Heat-stress-modulated induction of NF-kappa B leads to brucellacidal pro-inflammatory defense against Brucella abortus infection in murine macrophages and in a mouse model

Abstract

Background: Brucella causes a chronic and debilitating infection that leads to great economic losses and a public health burden. In this study, we demonstrated the brucellacidal effect of heat shock mediated by the induction of pro-inflammatory cytokines, reactive oxygen species (ROS) accumulation and apoptosis in murine macrophages and in mice. Results: RAW264.7 cells were incubated at 43 degrees C, and BALB/c mice were subjected to whole body hyperthermia. The data showed a reduction in bacterial survival in the mice after daily heat exposure. This was accompanied by increased levels of cytokines TNF, IL-6, IL-1 beta and IFN-gamma in the sera of themice.
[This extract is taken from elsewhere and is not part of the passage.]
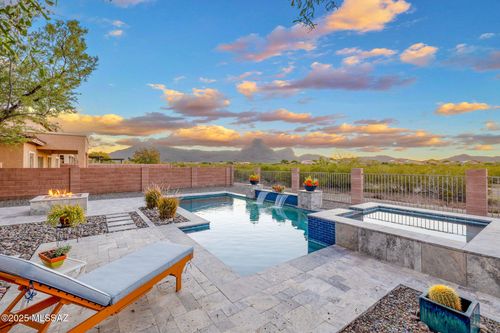 8321 N Amber Burst Dr, Tucson, AZ, 85743-5528 | Card Image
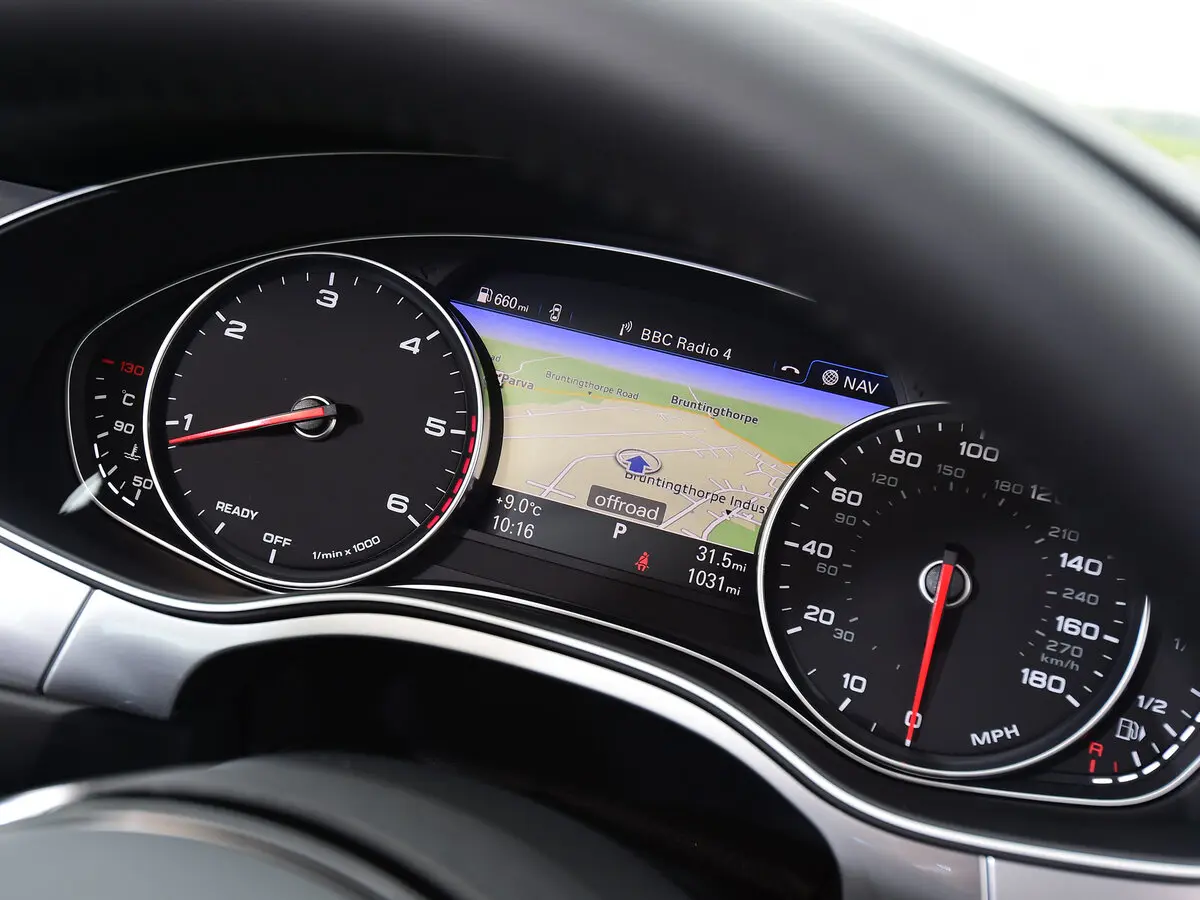 Audi A6 IV (C7) Рестайлинг Седан — photo 8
Gene expression of NF-kappa B and inducible nitric oxide production were also induced in the mouse splenic cells. In parallel with the bacterial reduction in the mouse model, an increased bactericidal effect was observed in RAW264.7 cells after exposure to heat stress. In addition, the heat stress increased both the nuclear translocation of NF-kappa B and the expression of the heat shock proteins HSP70 and HSP90 in murine macrophages. Furthermore, heat exposure induced the increase of pro-inflammatory cytokines, ROS accumulation and apoptosis but did not affect the production of nitric oxide (NO) in macrophages. Conclusion: This study demonstrated the induction of innate immune responses by heat stress that significantly reduced the intracellular survival of B. abortus in vitro and in vivo. Transcriptional factor NF-kappa B, which is a master regulator, could be termed a key activator of heat-induced immunity against Brucella. The increase in the expression and activation of NF-kappa B in splenic cells and macrophages was followed by enhanced antimicrobial effectors, including cytokines, ROS and NO that may contribute to the reduction of bacterial survival.